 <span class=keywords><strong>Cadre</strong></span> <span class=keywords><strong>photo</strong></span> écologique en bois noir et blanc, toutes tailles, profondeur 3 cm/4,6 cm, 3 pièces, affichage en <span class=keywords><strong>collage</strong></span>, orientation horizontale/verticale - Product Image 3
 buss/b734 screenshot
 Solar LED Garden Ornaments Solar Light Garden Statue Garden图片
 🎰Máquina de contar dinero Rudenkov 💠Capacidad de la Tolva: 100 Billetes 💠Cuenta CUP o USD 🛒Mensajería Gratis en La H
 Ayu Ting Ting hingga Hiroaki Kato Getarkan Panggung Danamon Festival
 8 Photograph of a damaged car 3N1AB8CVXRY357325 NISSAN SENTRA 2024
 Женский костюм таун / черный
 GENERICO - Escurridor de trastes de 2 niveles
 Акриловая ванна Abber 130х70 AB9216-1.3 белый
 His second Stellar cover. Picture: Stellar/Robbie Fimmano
* * *
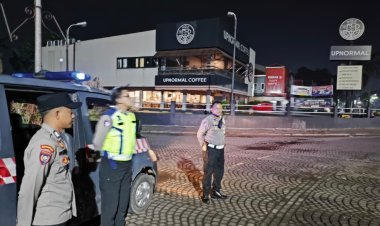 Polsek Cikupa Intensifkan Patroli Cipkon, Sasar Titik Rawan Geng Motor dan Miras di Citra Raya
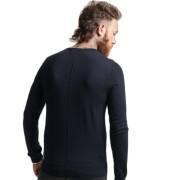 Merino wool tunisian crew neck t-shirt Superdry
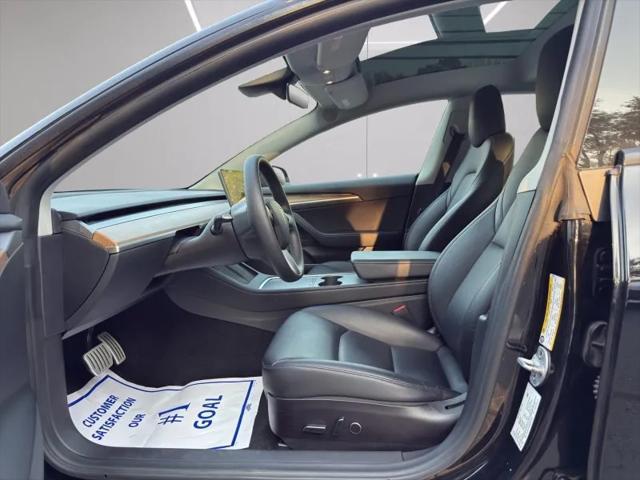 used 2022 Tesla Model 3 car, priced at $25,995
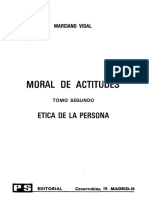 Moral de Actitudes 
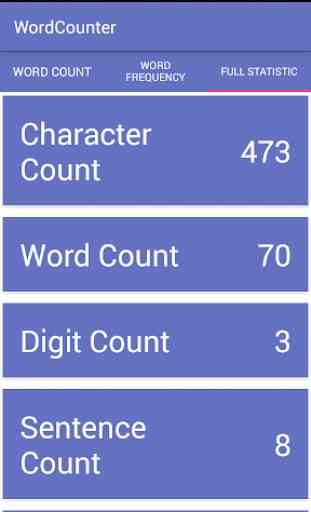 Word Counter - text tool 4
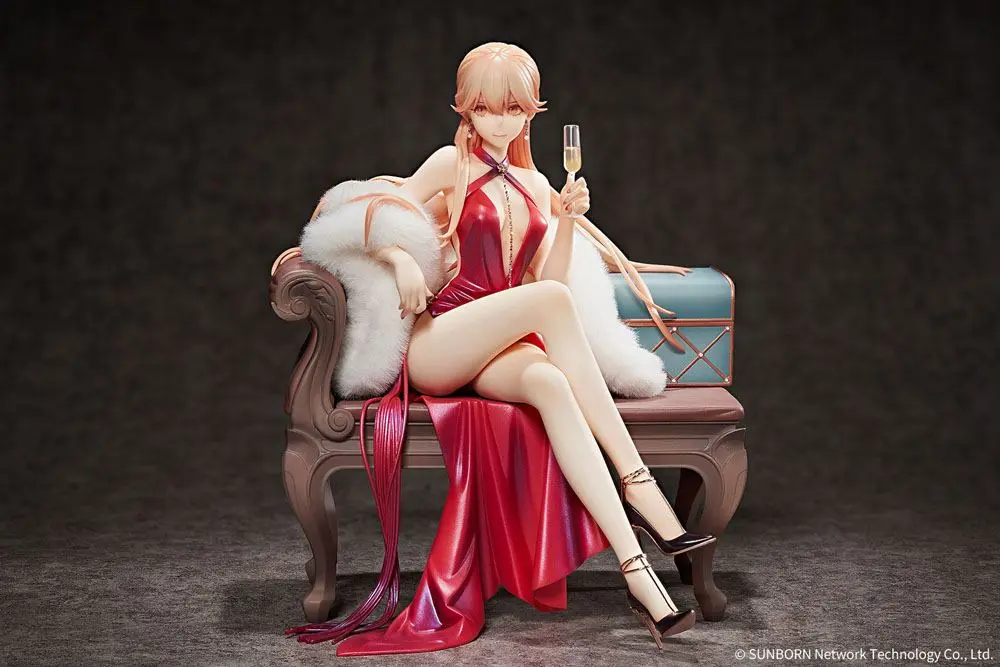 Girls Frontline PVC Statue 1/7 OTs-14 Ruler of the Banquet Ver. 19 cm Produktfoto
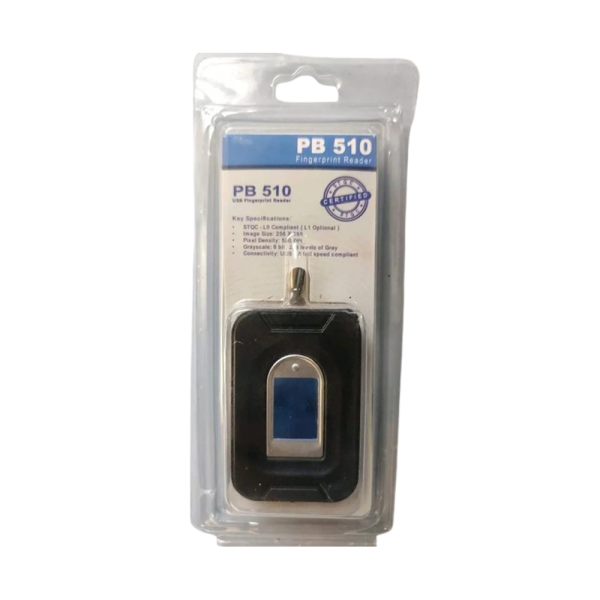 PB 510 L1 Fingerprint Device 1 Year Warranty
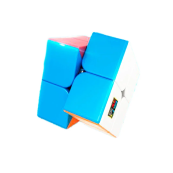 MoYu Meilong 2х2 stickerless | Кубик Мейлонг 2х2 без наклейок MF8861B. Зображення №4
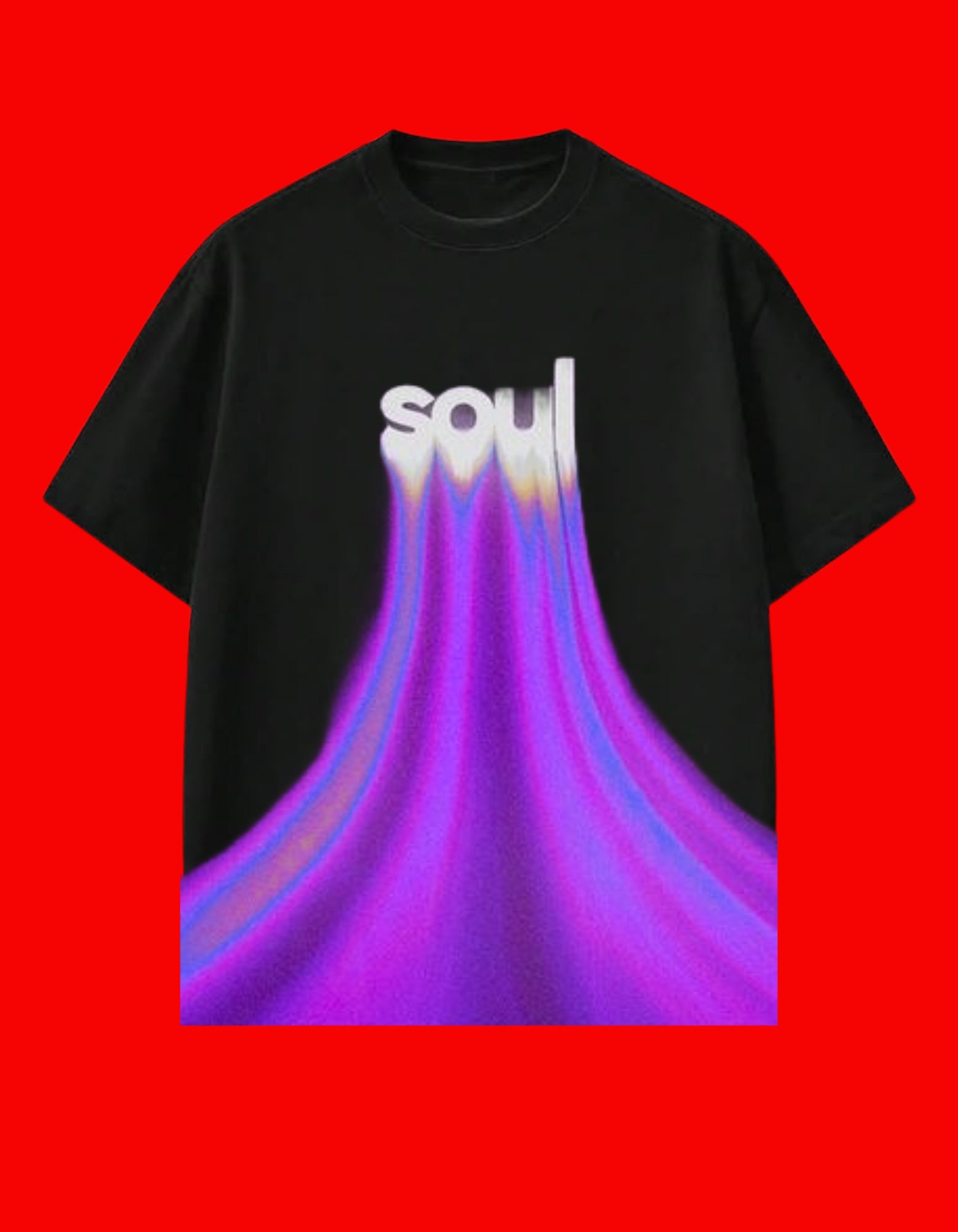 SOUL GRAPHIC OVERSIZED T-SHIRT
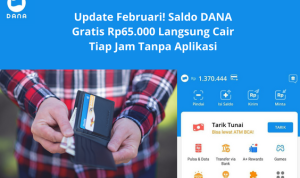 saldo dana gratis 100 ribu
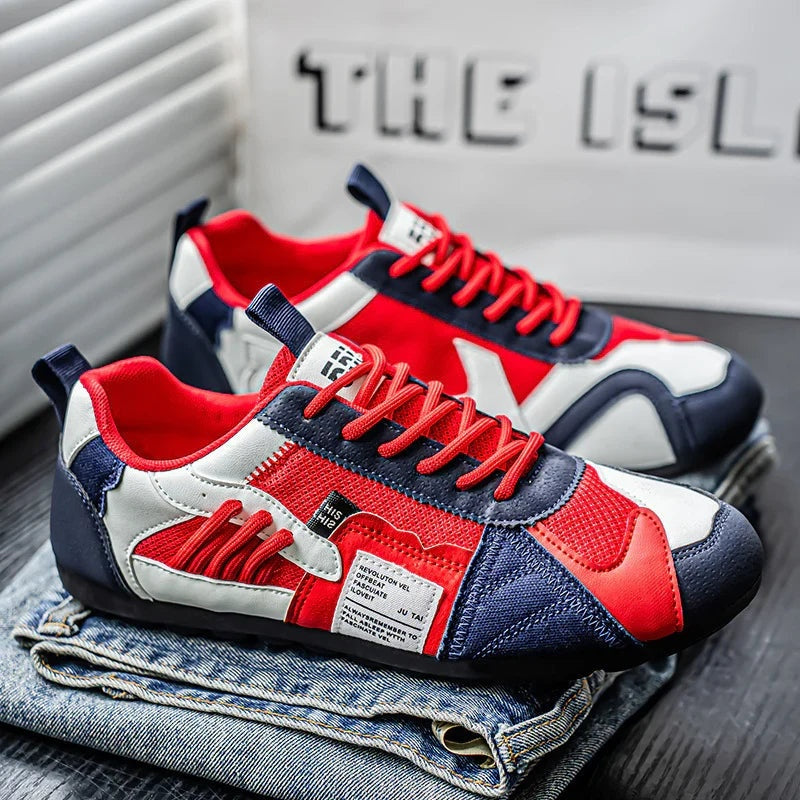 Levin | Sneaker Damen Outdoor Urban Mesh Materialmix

### Your assignment
After locating the line with "<span class=keywords><strong>Cadre</strong></span> <span" in the material above, return it and each line after it exactly, ending at the line with "His second Stellar".

### Answer space
 <span class=keywords><strong>Cadre</strong></span> <span class=keywords><strong>photo</strong></span> écologique en bois noir et blanc, toutes tailles, profondeur 3 cm/4,6 cm, 3 pièces, affichage en <span class=keywords><strong>collage</strong></span>, orientation horizontale/verticale - Product Image 3
 buss/b734 screenshot
 Solar LED Garden Ornaments Solar Light Garden Statue Garden图片
 🎰Máquina de contar dinero Rudenkov 💠Capacidad de la Tolva: 100 Billetes 💠Cuenta CUP o USD 🛒Mensajería Gratis en La H
 Ayu Ting Ting hingga Hiroaki Kato Getarkan Panggung Danamon Festival
 8 Photograph of a damaged car 3N1AB8CVXRY357325 NISSAN SENTRA 2024
 Женский костюм таун / черный
 GENERICO - Escurridor de trastes de 2 niveles
 Акриловая ванна Abber 130х70 AB9216-1.3 белый
 His second Stellar cover. Picture: Stellar/Robbie Fimmano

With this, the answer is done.